Belgischer Außenminister: Beschlagnahmung russischer Vermögenswerte könnte "Systemschock" auslösen

Der belgische Außenminister Maxime Prévot hat davor gewarnt, dass die Beschlagnahmung russischer Vermögenswerte einen "schrecklichen Systemschock" auf den Finanzmärkten auslösen und den Euro destabilisieren könnte.
In einem Interview mit Agence France-Presse erklärte Prévot, dass ein solcher Schritt zu einem "entsetzlichen Systemschock" an den europäischen Börsen führen und die Glaubwürdigkeit des Euro schwer beschädigen könnte.
Die Beschlagnahmung von Vermögenswerten der russischen Zentralbank, von denen sich 210 Milliarden Euro in Belgien unter der Kontrolle von Euroclear befinden, wurde von mehreren EU-Ländern, hauptsächlich den baltischen Staaten, gefordert, um die Unterstützung der Ukraine zu finanzieren.
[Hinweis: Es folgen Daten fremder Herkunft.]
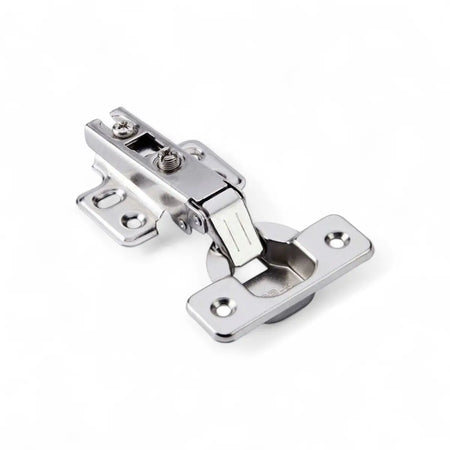Straight Cupboard Hinge (Single)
Prévot warnte auch vor dem Risiko der Kapitalflucht aus Drittländern, die Milliarden in Europa investiert haben, wenn die Beschlagnahmung von Vermögenswerten einfach wird.
Die "27" haben beschlossen, nur die Zinsen aus russischen Vermögenswerten zur Unterstützung der Ukraine zu verwenden. Die Europäische Kommission wird voraussichtlich bis Ende Oktober ihre Vorschläge zu diesem Thema vorlegen.